Erika Steinbach ist rätselhafterweise immer noch menschenrechtspolitische Sprecherin der CDU/CSU-Fraktion und ihre Bigotterie damit institutionalisiert. Nun fordert auch sie einen Abbruch der EU-Beitrittsverhandlungen mit der Türkei nach dem autokratischen Schub, mit dem Erdogan auf den Putschversuch Mitte Juli reagiert. Besonders wurmt sie das „verbrecherische Verhalten“ der Türkei gegenüber der EU in der Flüchtlingsfrage. „Haltet euch zurück, gebt uns die Visafreiheit – oder wir schicken euch wieder Flüchtlinge“, lautet die türkische Außenpolitik, wie es schon zu erwarten war, als erstmals über den Flüchtlingspakt verhandelt worden ist.

Steinbach gehörte zu denen, die im Herbst 2015 munter Überfremdungsängste schürten, während andere Leute anpackten und schutzsuchenden Menschen Hilfe leisteten. Es war diese europaweite rechtspopulistische Hetze, der die EU-Politik hinterherlief und sich daher auf einen Abschottungsdeal mit der Türkei einließ, der ethisch fragwürdig ist (weil es ohne Rücksicht auf das Asylrecht zwischenstaatlichen Menschenhandel kodifiziert) und vollkommen unnötig wäre, würden Politiker nicht auf die Stimmen der „besorgten Bürger“ schielen. Jetzt habt ihr den Salat: Die Hetzer von damals beklagen die politischen Folgen ihrer Hetze, während diejenigen, die stets die europäischen Werte hochhalten, aus Angst vor der Freitaler Bürgerwehr gegenüber dem Abbau von Demokratie und Menschenrechten in der Türkei schweigen.
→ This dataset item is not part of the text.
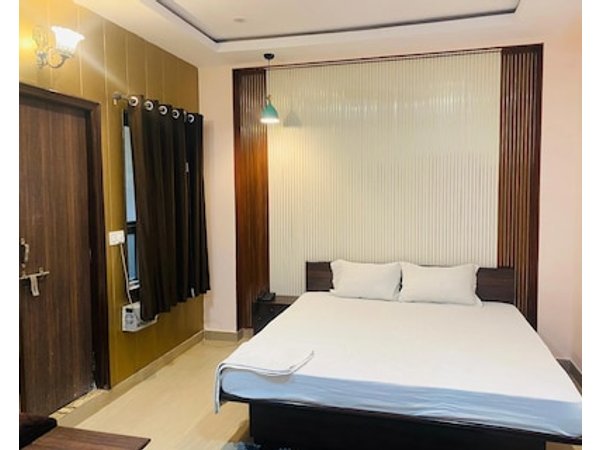 Arvi Guest House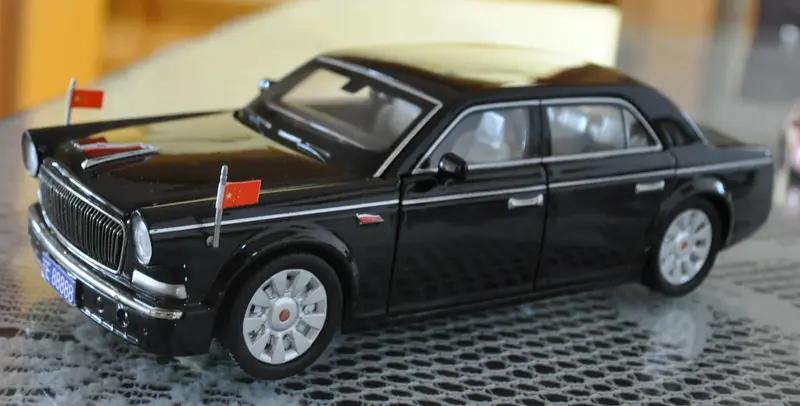 最近济宁有个事儿闹得挺火。一男子花 5600 元套圈，居然套中了红旗车两年的使用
Um den schäbigen Flüchtlingsdeal wäre es wirklich nicht schade. Danach bliebe aber das Problem, wie mit Erdogans „Zivildiktatur“ umzugehen sei. Omid Nouripour (Grüne) weist zu Recht daraufhin, dass sich ein sozial und ökonomisch eng verflochtener EU-Nachbar wie die Türkei nicht so isolieren lässt wie das ferne Nordkorea.

Nicht nur reaktionäre Deppen unterschreiben Petitionen, die den sofortigen Abbruch der EU-Beitrittsverhandlungen fordern, und können das starke Argument vorbringen, dass diese mit einem Staat, der die Wiedereinführung der Todesstrafe erwägt, keinen Sinn haben. Aber man sollte auch nicht die 49 Prozent der Türken vergessen, die Erdogan nicht als geliebten Führer verehren. Sie hatten es schon schwer genug, werden es noch schwerer haben und am allerschwersten, wenn sich die EU von ihrem Land abwendet.

Mario Sixtus ist ein nerviger Lautsprecher (und solche braucht es wohl), gab aber nach dem Putsch und Erdogans Reaktion darauf recht klug zu bedenken:

Man kann sich fragen, was die Türkei heute für ein Land wäre, hätten die Konservativen nicht jahrzehntelang deren EU-Integration verhindert.